■ Task objective ■
Pictures aside, please retype the whole listing word for word.

■ Data shown ■
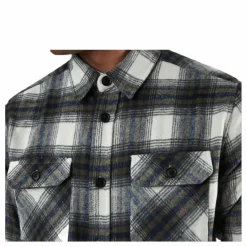 Ryder Overshirt Blue*FRONTIER Hot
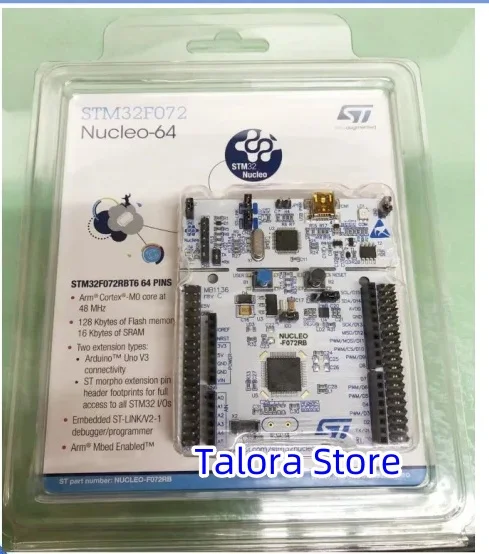 1 шт./лот NUCLEO-F072RB NUCLEO-64 STM32F072 макетная плата обучающая плата
1 шт./лот NUCLEO-F072RB NUCLEO-64 STM32F072 макетная плата обучающая плата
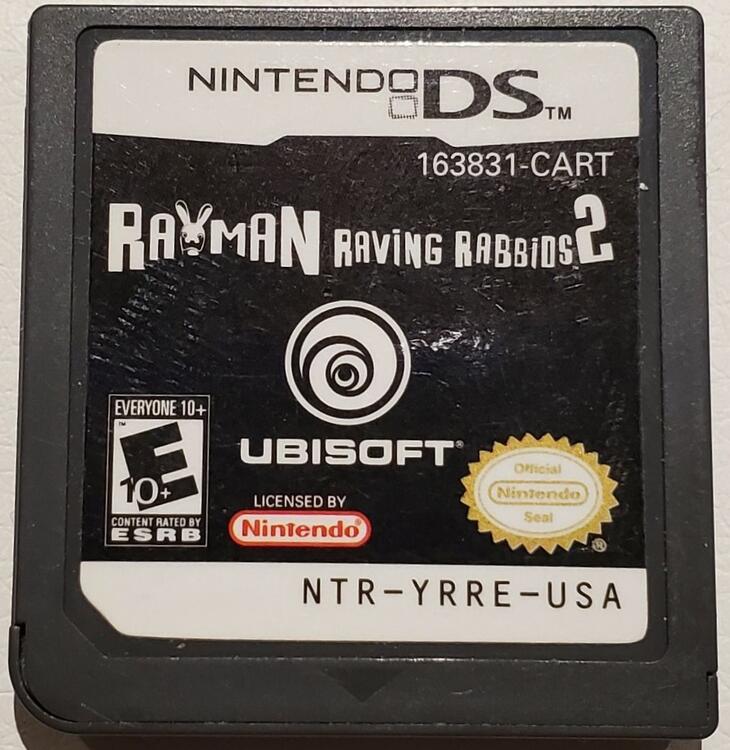 Rayman Raving Rabbids 2 (Complete) (used)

■ Your solution ■
 Ryder Overshirt Blue*FRONTIER Hot
 1 шт./лот NUCLEO-F072RB NUCLEO-64 STM32F072 макетная плата обучающая плата
1 шт./лот NUCLEO-F072RB NUCLEO-64 STM32F072 макетная плата обучающая плата
 Rayman Raving Rabbids 2 (Complete) (used)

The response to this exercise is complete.